--- Supplied material Enclosed Below ---

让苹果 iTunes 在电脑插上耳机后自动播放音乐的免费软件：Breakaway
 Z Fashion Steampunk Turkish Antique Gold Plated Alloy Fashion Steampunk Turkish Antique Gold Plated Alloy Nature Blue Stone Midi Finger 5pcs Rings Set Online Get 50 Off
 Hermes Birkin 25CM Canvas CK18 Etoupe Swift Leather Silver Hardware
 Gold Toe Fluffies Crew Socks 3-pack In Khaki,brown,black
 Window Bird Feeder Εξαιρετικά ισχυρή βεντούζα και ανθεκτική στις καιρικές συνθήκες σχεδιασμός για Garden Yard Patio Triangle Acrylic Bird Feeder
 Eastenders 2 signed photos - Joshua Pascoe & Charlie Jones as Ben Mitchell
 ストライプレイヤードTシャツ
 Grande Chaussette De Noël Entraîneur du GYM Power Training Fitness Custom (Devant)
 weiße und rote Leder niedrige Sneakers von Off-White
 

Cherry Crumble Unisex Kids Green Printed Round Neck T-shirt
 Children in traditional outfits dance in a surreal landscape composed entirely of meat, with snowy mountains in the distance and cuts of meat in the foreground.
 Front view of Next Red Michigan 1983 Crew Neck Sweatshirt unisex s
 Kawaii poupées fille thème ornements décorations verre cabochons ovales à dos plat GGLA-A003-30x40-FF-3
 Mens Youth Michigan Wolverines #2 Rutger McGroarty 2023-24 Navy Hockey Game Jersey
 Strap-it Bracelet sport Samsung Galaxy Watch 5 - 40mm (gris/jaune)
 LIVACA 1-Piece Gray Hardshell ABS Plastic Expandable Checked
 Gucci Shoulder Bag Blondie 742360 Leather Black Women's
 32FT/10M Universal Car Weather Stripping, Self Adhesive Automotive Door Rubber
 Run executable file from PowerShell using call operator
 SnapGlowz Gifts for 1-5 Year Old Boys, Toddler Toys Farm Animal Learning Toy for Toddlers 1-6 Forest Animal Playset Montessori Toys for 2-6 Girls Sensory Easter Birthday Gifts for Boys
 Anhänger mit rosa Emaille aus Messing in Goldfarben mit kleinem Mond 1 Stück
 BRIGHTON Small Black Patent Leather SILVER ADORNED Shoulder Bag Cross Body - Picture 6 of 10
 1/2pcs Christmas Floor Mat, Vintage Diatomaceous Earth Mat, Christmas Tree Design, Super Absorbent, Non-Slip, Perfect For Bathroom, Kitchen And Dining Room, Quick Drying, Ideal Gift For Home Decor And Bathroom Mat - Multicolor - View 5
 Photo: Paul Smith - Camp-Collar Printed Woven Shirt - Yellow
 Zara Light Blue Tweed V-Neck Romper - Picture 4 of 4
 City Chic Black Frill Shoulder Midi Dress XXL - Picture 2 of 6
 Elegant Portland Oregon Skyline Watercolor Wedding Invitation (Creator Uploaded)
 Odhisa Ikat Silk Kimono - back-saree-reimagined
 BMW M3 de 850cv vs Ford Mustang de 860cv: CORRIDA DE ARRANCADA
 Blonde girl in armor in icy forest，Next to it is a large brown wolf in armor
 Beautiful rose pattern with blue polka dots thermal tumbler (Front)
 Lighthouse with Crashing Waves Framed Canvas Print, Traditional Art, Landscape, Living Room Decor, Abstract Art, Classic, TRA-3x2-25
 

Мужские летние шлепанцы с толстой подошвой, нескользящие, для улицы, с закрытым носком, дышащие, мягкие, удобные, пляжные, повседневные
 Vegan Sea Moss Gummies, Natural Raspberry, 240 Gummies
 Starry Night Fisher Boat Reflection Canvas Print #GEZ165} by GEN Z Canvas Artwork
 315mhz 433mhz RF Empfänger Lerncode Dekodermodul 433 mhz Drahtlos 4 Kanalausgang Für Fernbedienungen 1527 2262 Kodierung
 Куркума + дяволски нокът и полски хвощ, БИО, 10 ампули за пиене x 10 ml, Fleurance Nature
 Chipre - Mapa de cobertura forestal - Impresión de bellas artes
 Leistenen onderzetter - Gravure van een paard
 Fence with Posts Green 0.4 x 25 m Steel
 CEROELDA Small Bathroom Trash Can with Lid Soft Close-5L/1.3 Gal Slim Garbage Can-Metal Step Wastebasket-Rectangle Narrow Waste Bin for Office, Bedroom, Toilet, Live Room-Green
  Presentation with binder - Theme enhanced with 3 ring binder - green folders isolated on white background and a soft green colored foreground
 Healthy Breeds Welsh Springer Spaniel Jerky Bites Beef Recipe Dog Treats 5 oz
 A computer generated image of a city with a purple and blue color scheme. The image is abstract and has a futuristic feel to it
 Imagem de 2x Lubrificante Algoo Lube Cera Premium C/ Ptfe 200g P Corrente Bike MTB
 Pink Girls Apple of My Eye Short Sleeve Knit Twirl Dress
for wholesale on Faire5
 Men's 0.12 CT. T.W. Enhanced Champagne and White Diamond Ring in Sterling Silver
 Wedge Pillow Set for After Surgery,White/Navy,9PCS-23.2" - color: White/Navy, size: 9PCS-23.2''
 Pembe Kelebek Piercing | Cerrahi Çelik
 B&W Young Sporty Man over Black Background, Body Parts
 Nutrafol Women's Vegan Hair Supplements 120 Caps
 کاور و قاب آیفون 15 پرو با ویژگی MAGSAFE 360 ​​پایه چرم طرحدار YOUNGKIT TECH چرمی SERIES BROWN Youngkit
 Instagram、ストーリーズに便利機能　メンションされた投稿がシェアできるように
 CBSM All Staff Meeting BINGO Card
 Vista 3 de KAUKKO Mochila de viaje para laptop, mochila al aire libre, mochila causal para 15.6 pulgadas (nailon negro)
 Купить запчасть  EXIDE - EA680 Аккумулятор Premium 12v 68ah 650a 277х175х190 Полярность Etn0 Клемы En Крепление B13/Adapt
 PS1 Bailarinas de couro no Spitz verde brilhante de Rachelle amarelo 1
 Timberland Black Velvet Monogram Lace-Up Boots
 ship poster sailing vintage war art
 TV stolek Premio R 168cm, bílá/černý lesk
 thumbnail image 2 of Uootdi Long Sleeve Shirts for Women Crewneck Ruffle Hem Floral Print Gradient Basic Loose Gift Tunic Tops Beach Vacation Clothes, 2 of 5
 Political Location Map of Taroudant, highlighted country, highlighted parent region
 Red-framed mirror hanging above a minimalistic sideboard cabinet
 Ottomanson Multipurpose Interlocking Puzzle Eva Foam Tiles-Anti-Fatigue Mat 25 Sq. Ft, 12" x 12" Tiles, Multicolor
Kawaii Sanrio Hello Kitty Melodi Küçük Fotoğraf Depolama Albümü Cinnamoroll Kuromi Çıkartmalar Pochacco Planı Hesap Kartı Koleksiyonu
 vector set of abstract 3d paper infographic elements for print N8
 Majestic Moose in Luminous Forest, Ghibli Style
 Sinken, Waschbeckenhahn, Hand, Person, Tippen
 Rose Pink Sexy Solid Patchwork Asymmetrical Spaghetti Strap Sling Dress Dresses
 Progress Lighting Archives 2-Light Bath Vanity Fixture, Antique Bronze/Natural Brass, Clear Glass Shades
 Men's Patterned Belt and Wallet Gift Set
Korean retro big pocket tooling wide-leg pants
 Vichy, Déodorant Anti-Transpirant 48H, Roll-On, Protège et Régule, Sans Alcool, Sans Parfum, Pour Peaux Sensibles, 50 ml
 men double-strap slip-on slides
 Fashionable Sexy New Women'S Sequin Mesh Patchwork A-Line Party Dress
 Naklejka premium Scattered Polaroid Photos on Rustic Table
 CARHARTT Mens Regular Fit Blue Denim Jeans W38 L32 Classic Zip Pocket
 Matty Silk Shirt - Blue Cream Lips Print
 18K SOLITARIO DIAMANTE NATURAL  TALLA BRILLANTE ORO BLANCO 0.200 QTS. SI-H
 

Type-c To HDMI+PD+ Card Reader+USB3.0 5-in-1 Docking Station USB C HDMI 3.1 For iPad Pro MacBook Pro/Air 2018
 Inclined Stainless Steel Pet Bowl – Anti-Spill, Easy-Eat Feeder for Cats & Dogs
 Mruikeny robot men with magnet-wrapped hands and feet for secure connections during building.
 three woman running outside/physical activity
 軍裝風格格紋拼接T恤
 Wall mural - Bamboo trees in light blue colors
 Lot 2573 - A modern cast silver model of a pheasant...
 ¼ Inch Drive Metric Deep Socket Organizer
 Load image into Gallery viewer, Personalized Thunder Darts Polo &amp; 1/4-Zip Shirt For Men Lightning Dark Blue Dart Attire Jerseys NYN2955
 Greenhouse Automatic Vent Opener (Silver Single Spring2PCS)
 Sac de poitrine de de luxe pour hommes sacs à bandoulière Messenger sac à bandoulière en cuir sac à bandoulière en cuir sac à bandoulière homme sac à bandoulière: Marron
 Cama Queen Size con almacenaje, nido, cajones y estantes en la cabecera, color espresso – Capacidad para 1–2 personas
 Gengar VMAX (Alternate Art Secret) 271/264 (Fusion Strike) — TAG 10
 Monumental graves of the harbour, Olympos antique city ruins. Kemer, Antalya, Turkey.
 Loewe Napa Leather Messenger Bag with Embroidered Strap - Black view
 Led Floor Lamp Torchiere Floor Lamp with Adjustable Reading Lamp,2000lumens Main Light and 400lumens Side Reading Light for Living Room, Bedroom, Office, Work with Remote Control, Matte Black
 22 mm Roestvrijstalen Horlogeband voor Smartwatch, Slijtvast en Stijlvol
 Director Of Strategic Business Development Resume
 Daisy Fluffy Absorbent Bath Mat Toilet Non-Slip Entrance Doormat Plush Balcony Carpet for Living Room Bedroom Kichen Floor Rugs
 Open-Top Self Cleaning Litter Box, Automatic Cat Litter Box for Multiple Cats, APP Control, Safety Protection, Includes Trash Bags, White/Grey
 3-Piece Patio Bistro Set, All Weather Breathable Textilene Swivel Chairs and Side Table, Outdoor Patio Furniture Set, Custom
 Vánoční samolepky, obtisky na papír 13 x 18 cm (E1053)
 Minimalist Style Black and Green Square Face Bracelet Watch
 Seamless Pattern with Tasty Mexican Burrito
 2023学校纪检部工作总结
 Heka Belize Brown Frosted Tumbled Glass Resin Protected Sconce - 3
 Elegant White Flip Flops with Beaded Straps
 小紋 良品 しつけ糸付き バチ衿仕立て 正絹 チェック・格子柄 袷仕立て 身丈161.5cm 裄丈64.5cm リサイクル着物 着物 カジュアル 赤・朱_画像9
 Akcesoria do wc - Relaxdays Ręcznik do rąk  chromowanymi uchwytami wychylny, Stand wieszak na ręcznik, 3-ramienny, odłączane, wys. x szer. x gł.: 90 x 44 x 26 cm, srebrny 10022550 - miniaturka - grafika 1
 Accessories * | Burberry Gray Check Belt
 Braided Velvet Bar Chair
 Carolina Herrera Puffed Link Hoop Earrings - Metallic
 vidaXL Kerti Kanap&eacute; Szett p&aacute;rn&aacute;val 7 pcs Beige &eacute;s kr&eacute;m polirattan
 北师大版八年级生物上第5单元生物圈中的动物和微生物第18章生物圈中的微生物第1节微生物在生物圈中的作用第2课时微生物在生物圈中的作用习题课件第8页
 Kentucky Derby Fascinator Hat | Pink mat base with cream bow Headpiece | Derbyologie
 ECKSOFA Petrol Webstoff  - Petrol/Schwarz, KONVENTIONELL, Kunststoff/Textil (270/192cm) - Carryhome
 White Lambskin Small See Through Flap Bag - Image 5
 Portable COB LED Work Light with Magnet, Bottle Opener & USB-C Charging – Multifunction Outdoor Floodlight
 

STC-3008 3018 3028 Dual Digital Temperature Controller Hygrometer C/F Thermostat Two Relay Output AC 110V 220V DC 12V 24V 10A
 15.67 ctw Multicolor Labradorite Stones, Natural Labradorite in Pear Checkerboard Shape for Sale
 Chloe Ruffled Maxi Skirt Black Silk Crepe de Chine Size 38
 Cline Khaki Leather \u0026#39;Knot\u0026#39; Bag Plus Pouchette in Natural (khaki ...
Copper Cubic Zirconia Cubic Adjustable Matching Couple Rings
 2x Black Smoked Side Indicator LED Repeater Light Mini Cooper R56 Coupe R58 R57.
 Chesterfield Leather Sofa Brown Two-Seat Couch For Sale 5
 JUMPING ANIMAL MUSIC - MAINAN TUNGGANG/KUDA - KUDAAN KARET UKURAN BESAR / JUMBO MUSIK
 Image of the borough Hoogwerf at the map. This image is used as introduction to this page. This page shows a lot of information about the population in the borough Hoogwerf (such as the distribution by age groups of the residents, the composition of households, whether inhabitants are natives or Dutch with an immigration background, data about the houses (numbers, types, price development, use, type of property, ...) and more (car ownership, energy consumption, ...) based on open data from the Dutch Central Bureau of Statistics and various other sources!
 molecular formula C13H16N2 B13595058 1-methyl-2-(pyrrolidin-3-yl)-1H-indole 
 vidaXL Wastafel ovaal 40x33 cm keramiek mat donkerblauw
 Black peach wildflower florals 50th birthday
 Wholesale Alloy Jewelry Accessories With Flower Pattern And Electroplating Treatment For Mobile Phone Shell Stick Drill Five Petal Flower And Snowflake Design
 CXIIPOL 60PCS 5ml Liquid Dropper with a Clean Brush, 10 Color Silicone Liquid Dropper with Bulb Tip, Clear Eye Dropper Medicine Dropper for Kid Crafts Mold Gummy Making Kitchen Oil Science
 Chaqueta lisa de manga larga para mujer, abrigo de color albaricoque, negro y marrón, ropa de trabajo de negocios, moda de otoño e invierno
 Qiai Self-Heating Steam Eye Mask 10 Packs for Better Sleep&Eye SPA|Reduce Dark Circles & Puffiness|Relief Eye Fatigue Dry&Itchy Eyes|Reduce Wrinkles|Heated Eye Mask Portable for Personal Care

--- End of Enclosed Supplied material ---

For the listing above, print only the lines starting at the line containing "Vegan Sea Moss" and ending at the line containing "Куркума + дяволски", exactly, both included.

 Vegan Sea Moss Gummies, Natural Raspberry, 240 Gummies
 Starry Night Fisher Boat Reflection Canvas Print #GEZ165} by GEN Z Canvas Artwork
 315mhz 433mhz RF Empfänger Lerncode Dekodermodul 433 mhz Drahtlos 4 Kanalausgang Für Fernbedienungen 1527 2262 Kodierung
 Куркума + дяволски нокът и полски хвощ, БИО, 10 ампули за пиене x 10 ml, Fleurance Nature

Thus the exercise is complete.